Okay … I’m officially confused about this one. For reasons unknown, it is being presented as something ‘new’ and hitherto unheard of that Battlestar Galactica (presumably the new one) is actually a retelling of the Aeneid. Charlotte Higgins’ latest blog at the Guardian includes this bit:
Now, am I the only person who regards the sweep of the story of the sci-fi series Battlestar Galactica as a kind of re-reading of Virgil’s Aeneid? I am talking, of course, of the great Roman epic poem that recounts the flight of Aeneas and his followers from their conquered city of Troy to Italy, where, it is prophesied, their descendants will found Rome.
For a moment, let’s forget about the Cylons (although whenever I see one on the screen, I am reminded that the original, real-life Cylon was a wannabe tyrant of Athens, a failed coup leader in 632 BC, but surely that really is a coincidence. If you don’t know the series, these are the enigmatic attackers of the humans’ home planets, a race of cybernetic workers turned aggressive).
Let’s think about the humans for a moment. A leader leaves the destroyed wreck of his former civilisation (Troy/Caprica), which has been blasted into smithereens by an invading force (Greeks/Cylons). You might even see Gaius Baltar as a sort of Trojan horse. That leader is accompanied by his son: it’s Adama as Aeneas, and Apollo as Ascanius, if you follow me.
On they forge, guided by prophecies that the leader is initially unwilling to accept, towards their fated new home (Adama, like Aeneas in Aeneid book two, needs some persuasion that the various portents pointing the way are of any value.)
etc.
Canada’s own National Post picked up on this and asked if their readers saw any other connections.
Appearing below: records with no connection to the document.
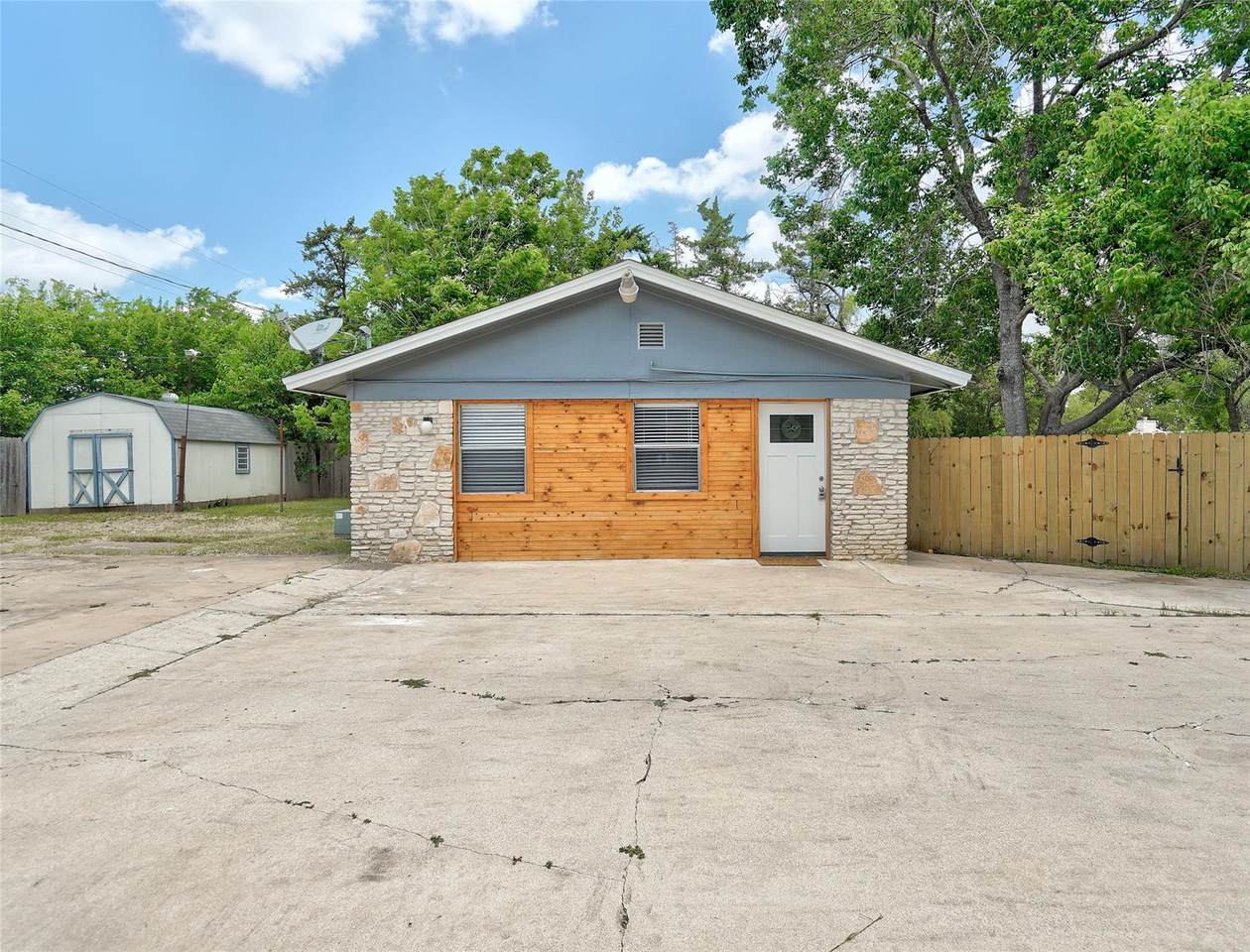 1806 Dixie Ln - Photo 1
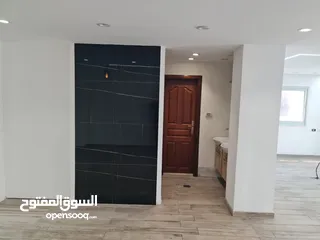  9 محل تجاري للايجار بالقرب من وسط البلد في مدينة الخليل مع واجهة بارزة على الشارع الرئيسي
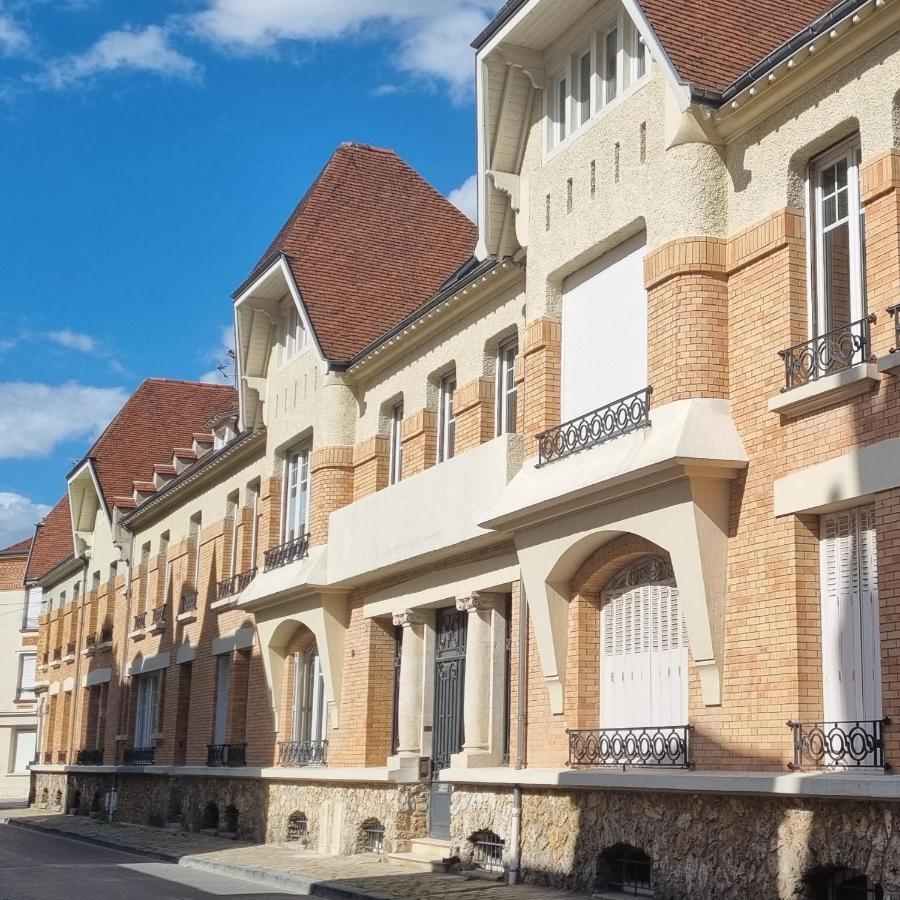Au 53, Sous Le Chartil Apartment Reims Exterior photo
Sadly, this is Canada where there are probably even fewer folks who have read the Aeneid than read the National Post. That said, when the original Battlestar Galactica was the only one in existence, I thought it was well-established that it was a retelling of the Aeneid, with bits of the Odyssey thrown in (I’m sure we discussed this on the Classics list or somewhere else at some point … by the time I was paying attention to this sort of thing BG was long into reruns of its one and only season (the 1980 thing doesn’t count; I also acknowledge that there were early comparisons to Mormonism as well). A lot of the names pretty much point to such connections, but let me just give a trio of quick examples which I vaguely recalled and managed to track down on the web with fuller episodic descriptions.
- In the original episode, the Cylons give the humans the impression that they are suing for peace (with a treaty) but really have taken their fleet behind a foggy moon … this fleet is actually discovered by Apollo (= Aeneas, more or less) and he warns his father (Adama); when the battle finally comes, only Galactica manages to escape. (Saga of a Star World)
- For some Odyssey content, the third episode involves Apollo being stranded on a planet (with an old west type setting) and he ultimately has to defeat the ‘red eye’, which he does as the latter exits a saloon. (The Lost Warrior). There’s also reminiscences of Achaemenides in the War of the Gods, Part I episode.
I haven’t managed to see a complete episode of the new version yet, but it sounds like the parallels might be even more obvious. Still, I’m surprised that there seems to be so much ‘surprise’ about this.